Let F be the set of finite subsets of the theory S. Let X[T] be the set of all elements of F that contain (⊇) T. Let D be { Y : Y ⊆ F and Y ⊇ X[T] for some T in F }. Then D is a filter on F. (Closure under superset is trivial. Closure under intersection holds since X[T1]⋂X[T2] ⊆ X[T1⋂T2].) Let U be an ultrafilter on F extending D. Let M[T] be a model of T for each T in F (using AC). Let M* be the ultraproduct of M[T] over U. Then M* satisfies every T in F since X[T] is in U.

But it is much simpler if S is countable. You just enumerate S as Q[1..], and let M[k] be a model of Q[1..k], and let U be an ultrafilter on N extending the Frechet filter (all cofinite subsets of N), and let M* be the ultraproduct of M[k] over U. Then every Q[k] is satisfied by M[k..] and hence also by M*.

But in my opinion it's silly to use ultraproducts when all you actually need is a well-ordering of S. The ultraproduct needs a well-ordering of P(F), which is much more 'unreal' especially when S is countable.
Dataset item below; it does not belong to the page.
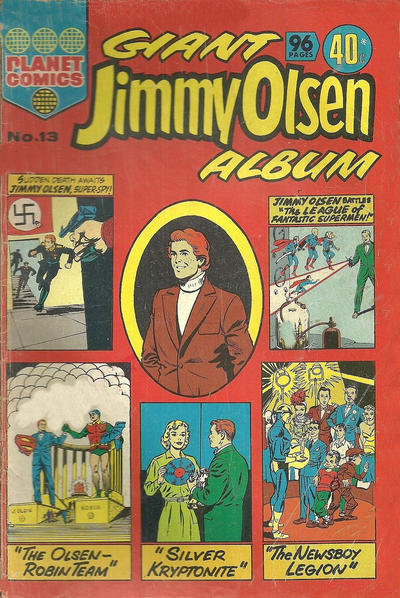 Cover for Giant Jimmy Olsen Album (K. G. Murray, 1966 ? series) #13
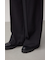 ペンシルストライプワイドパンツ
@LeakyNun: Got to go. See you!

@user21820

When we say "given any function f from R to R we say that f is monotone iff forall x,x' in R if x < x' then f(x) < f(x')" we abuse notation, right? on one side we are talking about the function as if it has been constructed from sets and on the other side we use f(x) as if it was developed from a definatorial expansion.

It should've been more like "given any function F from R to R we say that F is monotone iff forall x,x' in R if x < x' then f(x) < f(x')"